Task prompt =
The lines below must be transcribed exactly as given, with the images removed.

Data provided =
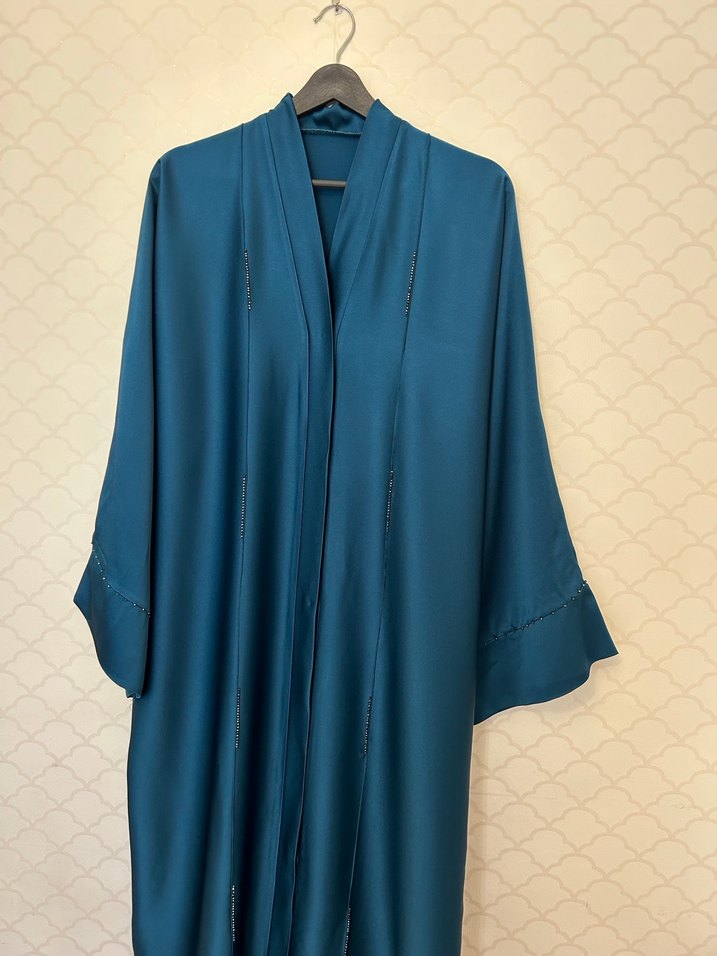 İşlemeli abaya - Görsel 2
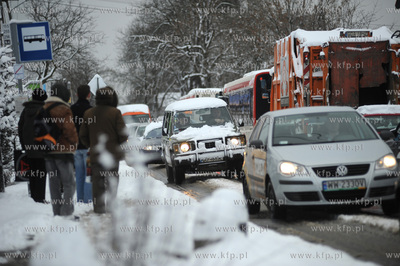Wiosna . Gdansk zasypany sniegiem, sparalizowany ruch...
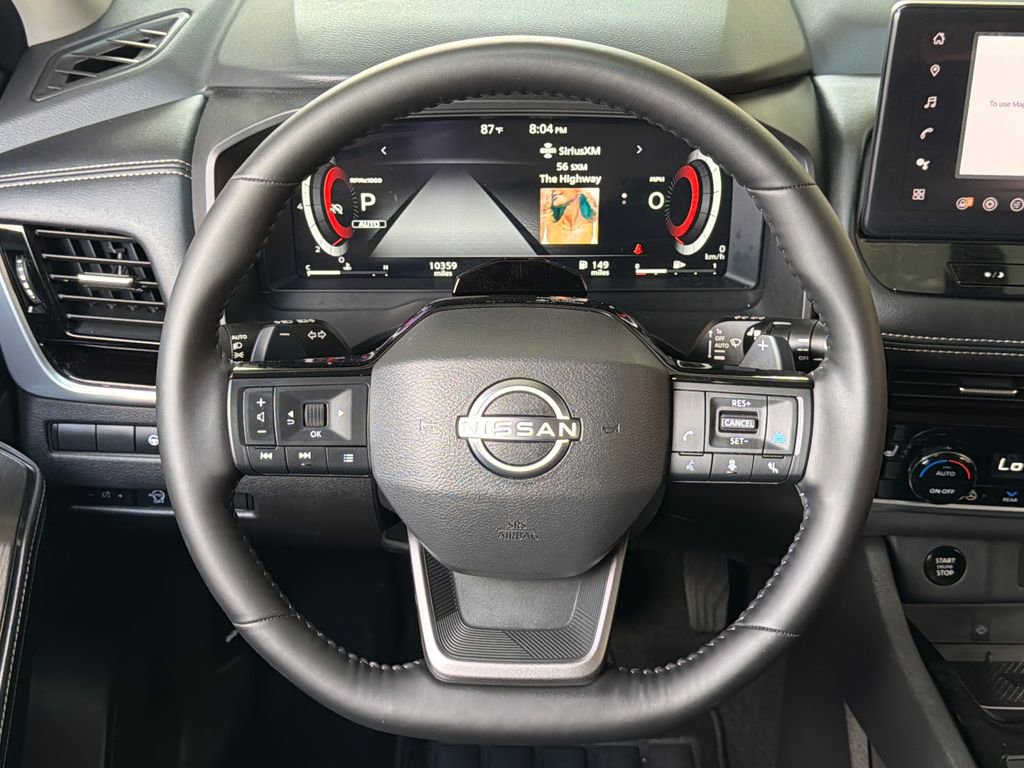 Used 2025 Nissan Rogue SL w/ Tech Package image 4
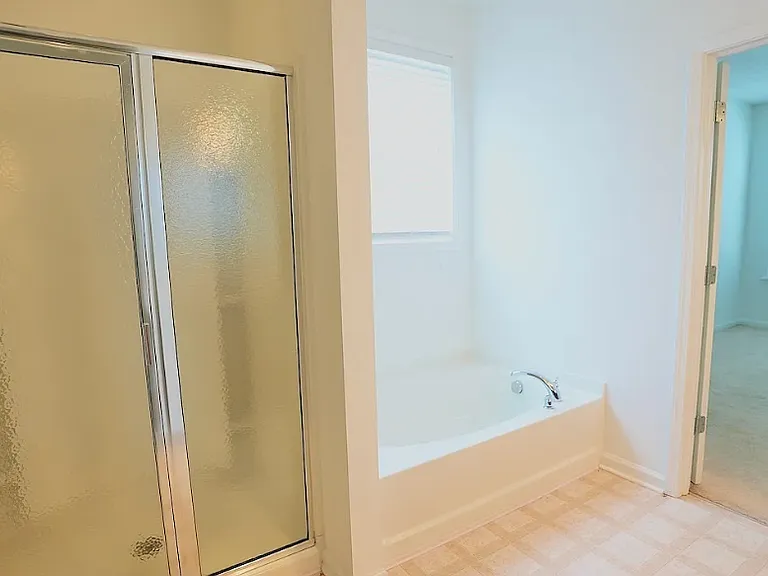 1566 Valdarno Dr — Photo 16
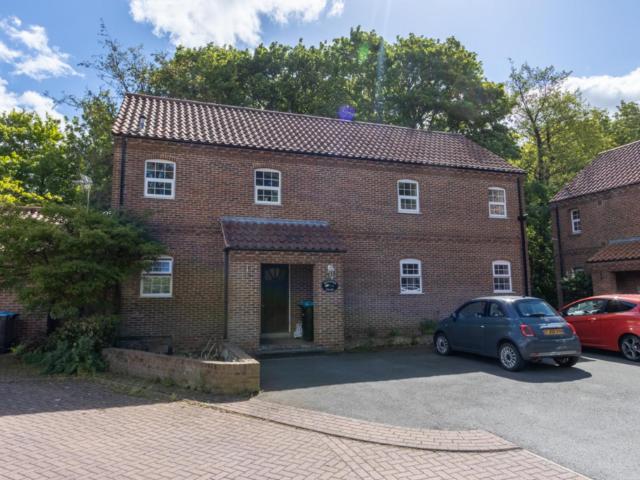 Flat for sale in Aldborough, Boroughbridge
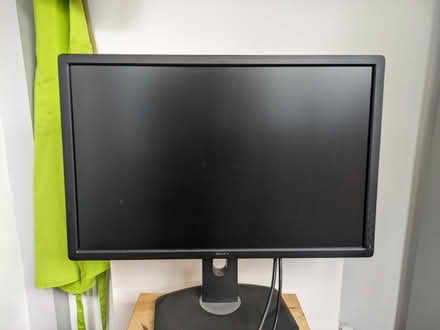 Photo of free Dell screen - needs a repair (Donnington Bridge OX4) #3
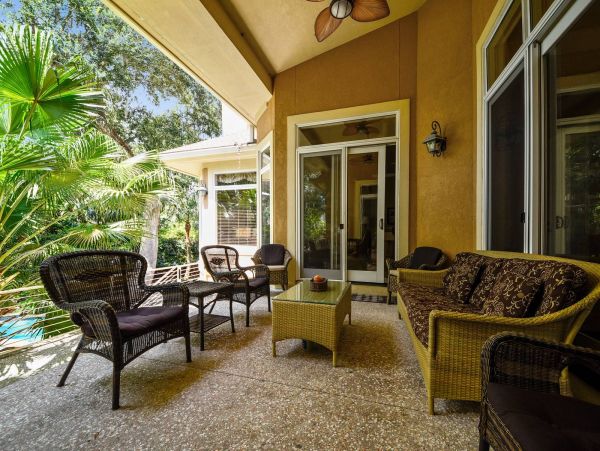 Six Bedroom Family Fun Home with Pool & Spa in Hilton Head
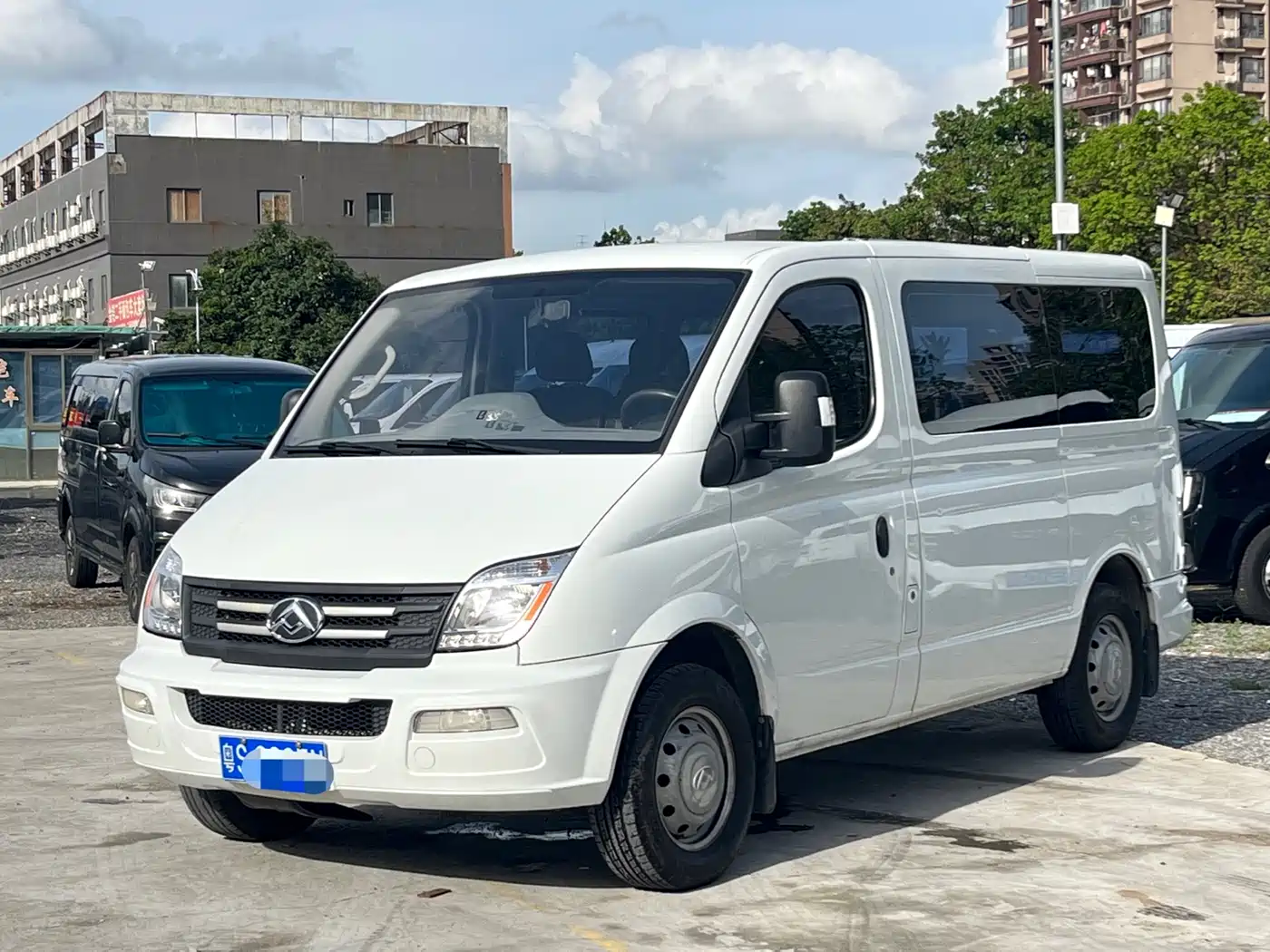 SAIC Maxus Xintu V80 2021 2.0T Manual Classic Aoyuntong Short Wheelbase Medium Roof 5/6-Seater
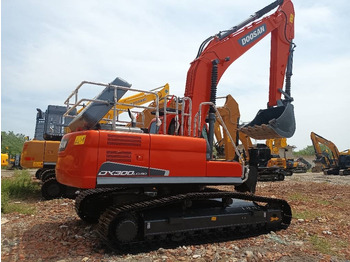 Гусеничный экскаватор DOOSAN DX300LC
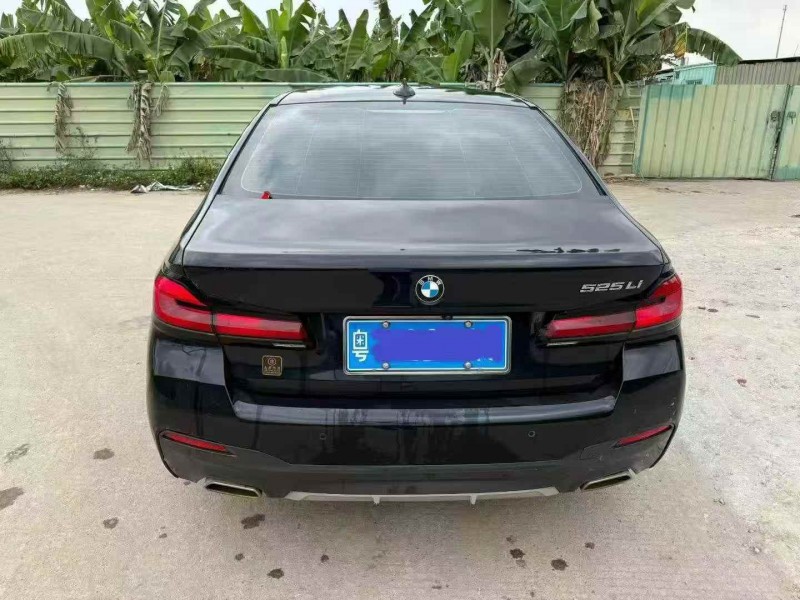 中山20年宝马5系9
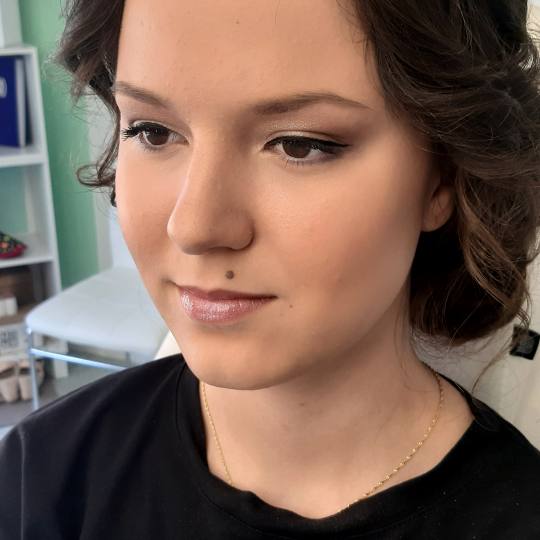 Albina Unisex Studio Lepote #temerin Make-up / šminkanje Profesionalno šminkanje - mala matura / d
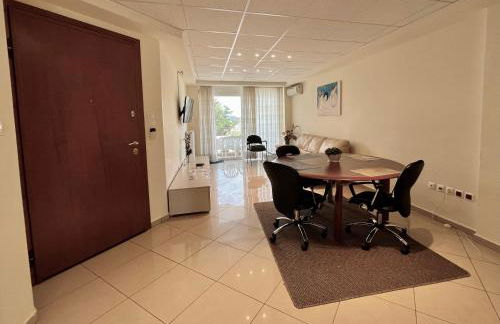 Hector Apartment Airport by Airstay - Photo 26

Solution for this task =
 İşlemeli abaya - Görsel 2
Wiosna . Gdansk zasypany sniegiem, sparalizowany ruch...
 Used 2025 Nissan Rogue SL w/ Tech Package image 4
 1566 Valdarno Dr — Photo 16
 Flat for sale in Aldborough, Boroughbridge
 Photo of free Dell screen - needs a repair (Donnington Bridge OX4) #3
 Six Bedroom Family Fun Home with Pool & Spa in Hilton Head
 SAIC Maxus Xintu V80 2021 2.0T Manual Classic Aoyuntong Short Wheelbase Medium Roof 5/6-Seater
 Гусеничный экскаватор DOOSAN DX300LC
 中山20年宝马5系9
 Albina Unisex Studio Lepote #temerin Make-up / šminkanje Profesionalno šminkanje - mala matura / d
 Hector Apartment Airport by Airstay - Photo 26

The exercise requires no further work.